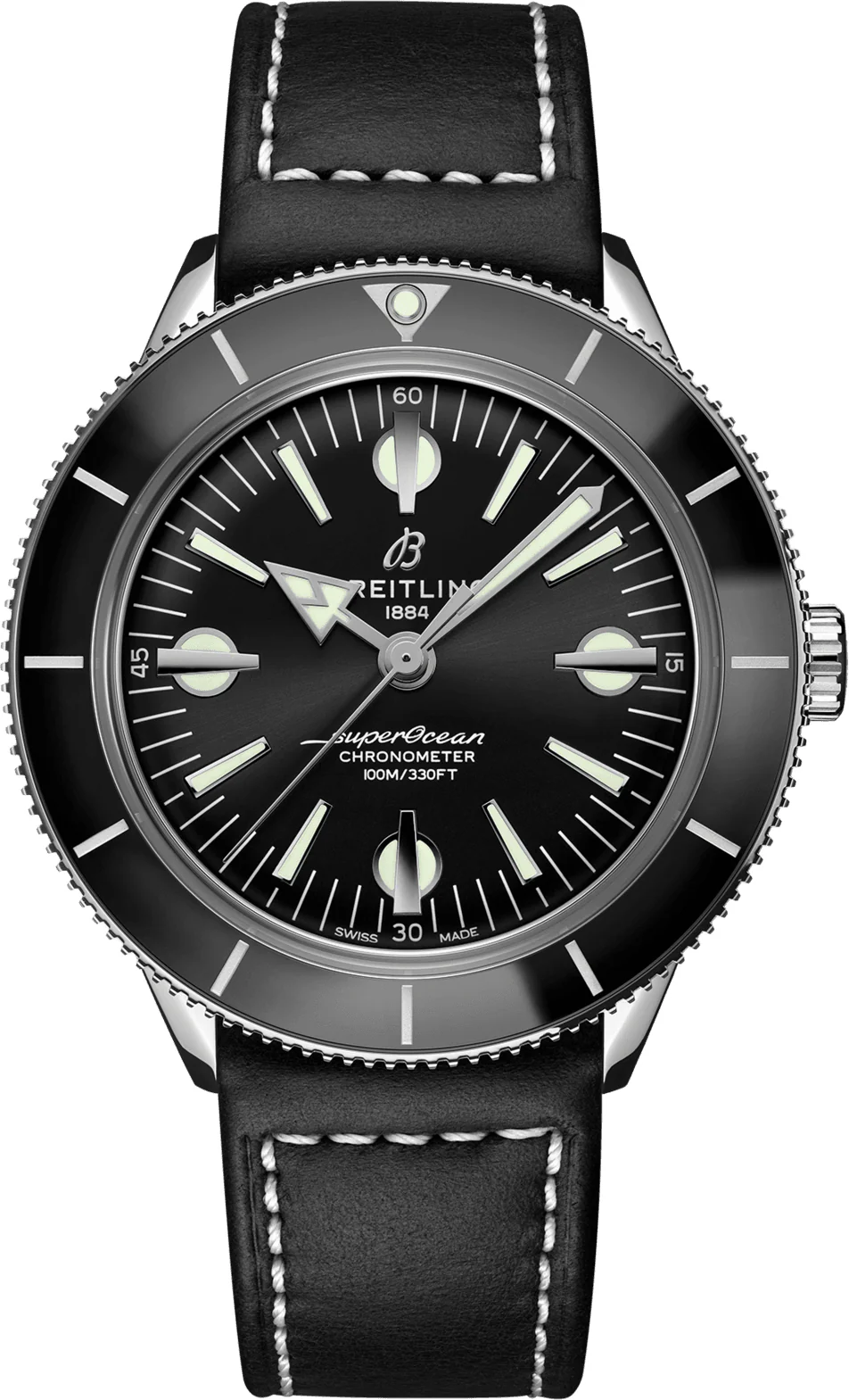 Breitling Watch Superocean Heritage 57 Black Leather Folding Clasp
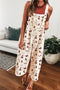 Western Printed Adjustable Strap Wide Leg Denim Jumpsuit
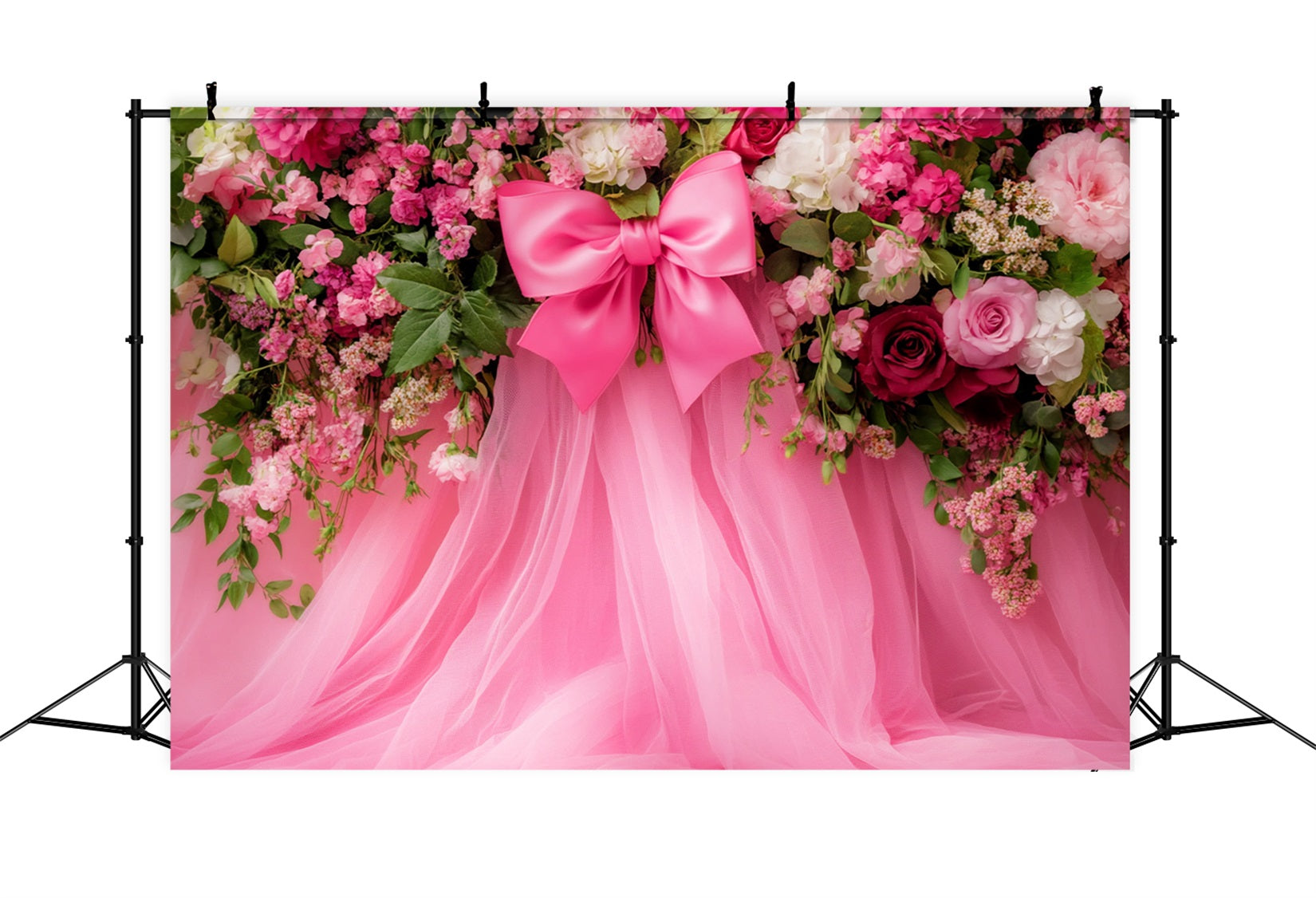 Grand fond avec nœud, fleurs roses, tulle, fond floral fantaisie LXX510-150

• **What you need to do**: Set down all of the data word for word; no pictures belong in it.

• **Written reply**:
 Breitling Watch Superocean Heritage 57 Black Leather Folding Clasp
 Western Printed Adjustable Strap Wide Leg Denim Jumpsuit
 Grand fond avec nœud, fleurs roses, tulle, fond floral fantaisie LXX510-150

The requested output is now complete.